Tax Forms: Why Make Things Simple When You Can Make Them Complicated
Experience shows they might not be.
On 1 January 2013, an amendment to the tax code came into effect, whereby the information required by the tax office will now be specified in the printed or electronic tax form itself, not in the law. Previously, all taxpayer obligations were set out in the tax code; tax forms were available merely to facilitate tax filing.
The Ministry of Finance’s power to issue tax forms is limited only by a general condition that only certain information may be requested, namely that which follows from the basic objectives of tax administration, such as information needed to assess and determine taxes correctly, ensuring tax payments, the procedure avoiding undue delay and cost, cooperation, and the principle of legality.

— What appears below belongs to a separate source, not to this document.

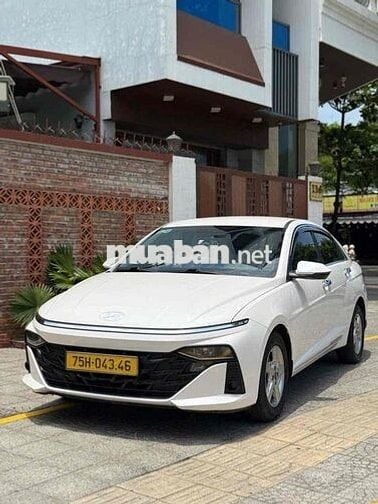 Hyundai Accent 2025 Trắng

A precise list of the information that must be included in tax forms has not, however, been defined. According to the explanatory report accompanying the amendment to the tax code, this is due to the rapid development of technologies (remote access to data and registers) and also because additional information was often requested in printed forms even though it was not listed in the relevant legislation.
New tax forms sans law
From 2013 onwards, tax forms may be modified by the Ministry of Finance without the need to change the information set out in the law itself. I would hate to imagine, in this regard, that state officials intend to change various forms, however, particularly given the ever increasing administrative burden of state administration and widespread political pressure aimed at reducing the number of state officials.
Nevertheless, I have certain doubts when it comes to filling in pre-determined boxes in printed forms. Experience shows that additional documents are often required for voluntary VAT registration, such as agreements concluded with business partners on future performance. These documents are requested either on the basis of the tax office’s internal instructions or in order to verify the information in the form. But there is nothing simpler than omitting new obligations from the tax code, slapping them into a box with instructions, and marking everything in the form required information.

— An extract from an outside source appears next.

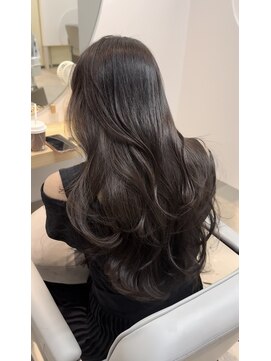 カラ フクオカ(Cara FUKUOKA) ショコラグレージュ&レイヤーカット《福岡暗髪カラー》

I believe that, in order to give taxpayers greater legal certainty, our legislators could certainly have chosen an easier way to make certain information compulsory. Powers could have been expressly granted to the Ministry of Finance in the tax code, and the Ministry could then establish the form.
Most taxpayers no doubt expect to encounter administrative burdens when dealing with state authorities. An honest taxpayer first and foremost wants to run his business and not be tied up in useless bureaucracy. On the other hand, the Ministry of Finance should follow one of the objectives of tax administration, i.e. to act so as to avoid excess cost to the taxpayer. This may lead to simplifying the tax registration or tax return form, which would help create a positive business environment in the Czech Republic.
The tax office has other ways to verify certain facts, tax claims, and other taxpayer duties, such as various procedures explicitly set forth in the tax code. Only time will tell which direction the Ministry of Finance chooses and whether the forms will in fact be simplified.